Your objective: Leave out the pictures and copy each record below exactly.

Extracted data:

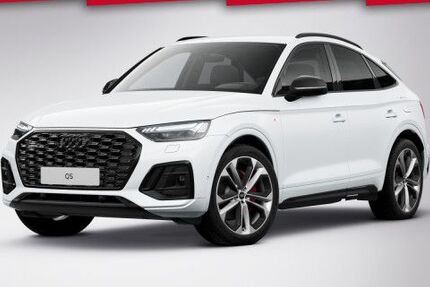 Audi Q5 5.295 km 62.940 &euro; Stuttgart 70563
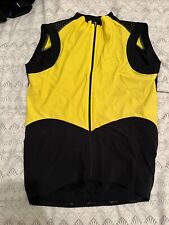 assos gilet for sale  BELFAST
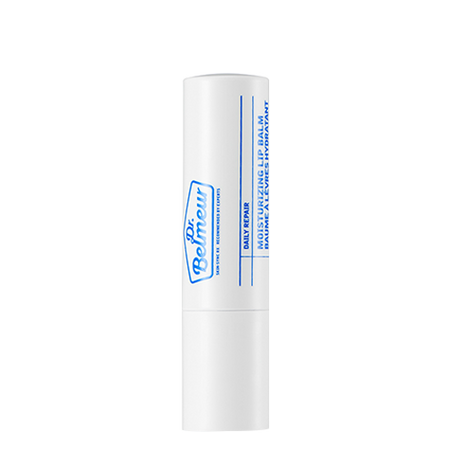 THE FACE SHOP, DR.BELMEUR DAILY REPAIR MOISTURIZER LIP BALM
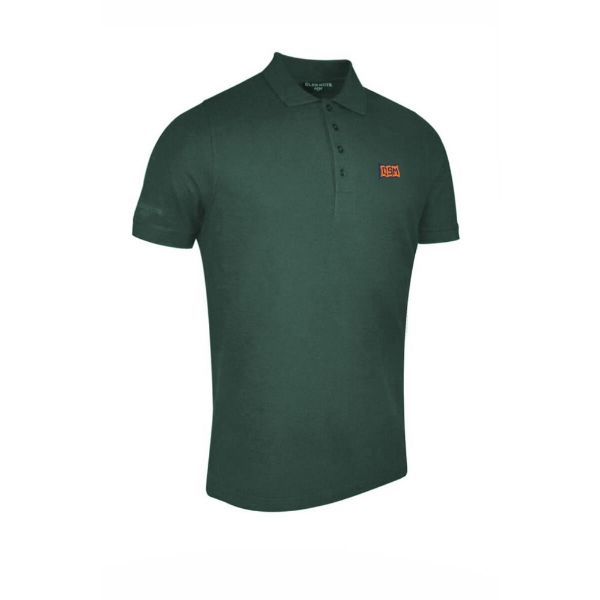 Picture of Glenmuir CSM Polo Shirts - Green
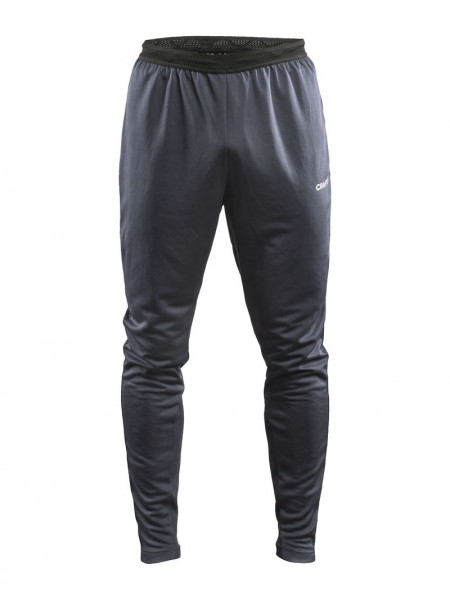 CRAFT Evolve Slim Pants M Asphalt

Answer to this exercise:
 Audi Q5 5.295 km 62.940 &euro; Stuttgart 70563
 assos gilet for sale  BELFAST
 THE FACE SHOP, DR.BELMEUR DAILY REPAIR MOISTURIZER LIP BALM
 Picture of Glenmuir CSM Polo Shirts - Green
 CRAFT Evolve Slim Pants M Asphalt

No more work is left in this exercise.